» **Web page caption snippets**:
--- START ---

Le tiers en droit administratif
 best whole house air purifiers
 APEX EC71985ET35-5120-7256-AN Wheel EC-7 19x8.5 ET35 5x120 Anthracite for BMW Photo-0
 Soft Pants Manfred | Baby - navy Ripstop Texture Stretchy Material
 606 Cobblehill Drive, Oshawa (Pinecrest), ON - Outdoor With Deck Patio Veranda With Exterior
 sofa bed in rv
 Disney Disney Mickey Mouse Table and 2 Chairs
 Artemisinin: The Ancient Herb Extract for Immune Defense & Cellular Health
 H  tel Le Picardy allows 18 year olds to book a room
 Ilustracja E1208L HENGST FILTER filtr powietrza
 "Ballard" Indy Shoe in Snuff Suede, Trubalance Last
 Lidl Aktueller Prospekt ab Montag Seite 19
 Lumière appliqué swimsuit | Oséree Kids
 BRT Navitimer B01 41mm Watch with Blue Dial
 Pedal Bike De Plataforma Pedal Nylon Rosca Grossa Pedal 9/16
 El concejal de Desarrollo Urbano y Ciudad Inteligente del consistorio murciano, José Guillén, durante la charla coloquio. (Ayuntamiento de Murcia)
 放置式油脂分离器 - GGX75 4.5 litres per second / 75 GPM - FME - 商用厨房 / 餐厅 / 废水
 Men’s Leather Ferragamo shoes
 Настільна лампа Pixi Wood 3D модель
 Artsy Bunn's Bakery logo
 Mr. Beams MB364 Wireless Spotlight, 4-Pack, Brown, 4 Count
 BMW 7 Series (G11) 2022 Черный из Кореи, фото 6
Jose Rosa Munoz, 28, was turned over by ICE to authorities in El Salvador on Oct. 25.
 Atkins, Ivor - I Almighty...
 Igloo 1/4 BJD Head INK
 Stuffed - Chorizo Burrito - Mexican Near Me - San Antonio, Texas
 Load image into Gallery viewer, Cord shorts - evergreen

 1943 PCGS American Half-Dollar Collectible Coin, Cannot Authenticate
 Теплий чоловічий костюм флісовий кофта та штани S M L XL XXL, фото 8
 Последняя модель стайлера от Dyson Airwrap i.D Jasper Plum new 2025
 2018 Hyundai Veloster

--- END ---

» **The task**: Where a line above includes "модель", copy that line.

» **Response**:
 Настільна лампа Pixi Wood 3D модель
 Последняя модель стайлера от Dyson Airwrap i.D Jasper Plum new 2025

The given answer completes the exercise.